Two candidates are running in the Democratic primary for state rep in the Northwest Side’s 19th District.

One looks like a party regular.

The other looks like a Republican.

Robert F. Martwick Jr. would be the regular, the nephew of a former Cook County regional superintendent of schools. And his father, the Norwood Park Democratic Party committeeman, was among the party leaders who slated the son to run. Martwick is backed, as well, by the incumbent representative, Joe Lyons, who is retiring after 16 years.

Sandra Stoppa is the Republican, or certainly something close. The veteran Chicago Police officer voted in six Republican primaries from 2002 to 2010, and her position on many key issues would be appropriate for a moderate Republican. She favors letting the state’s most recent income tax increase expire, reducing corporate taxes and sticking with a flat income tax over a progressive one.

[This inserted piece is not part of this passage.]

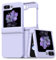 ZCDAYE Case for Samsung Galaxy Z Flip 6, Silky Touch Samsung Z Flip 6 Foldable Flip Phone Case, Shockproof Protective Phone Cover for Samsung Z Flip 6, Purple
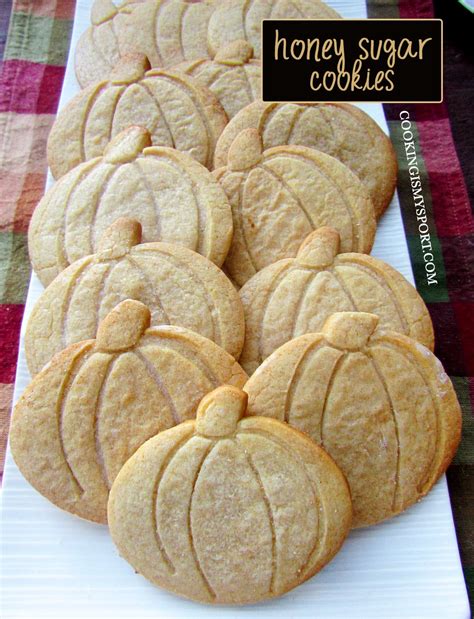 Honey Sugar Cookies | Cooking Is My Sport | Sugar cookies, Christmas ...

She supports civil unions for gay couples but not gay marriage.

Asked whether she’s a stealth Republican, Stoppa told the Chicago Sun-Times that she is a “moderate Democrat” who voted in Democratic primaries in earlier years. Her approach as a voter, she said, has been to “vote for the candidate” regardless of the party. In the same way, she said, she is less interested in adhering to conventionally partisan stands on the issues than in taking “responsible” positions.

She said she favors lower business taxes, for example, to make Illinois more competitive with neighboring states because “consumers are going across the border.”

If critics want to say that’s a Republican stand, she said, “To each their own.”

Martwick, like Stoppa, favors letting the state’s temporary income tax increase expire, but he says he can’t close the door on an extension if that’s what it might take “to do the fiscally responsible thing.” He would not lower the corporate tax rate, except in limited circumstances, favors moving from a flat income tax to a progressive tax and supports civil gay marriage.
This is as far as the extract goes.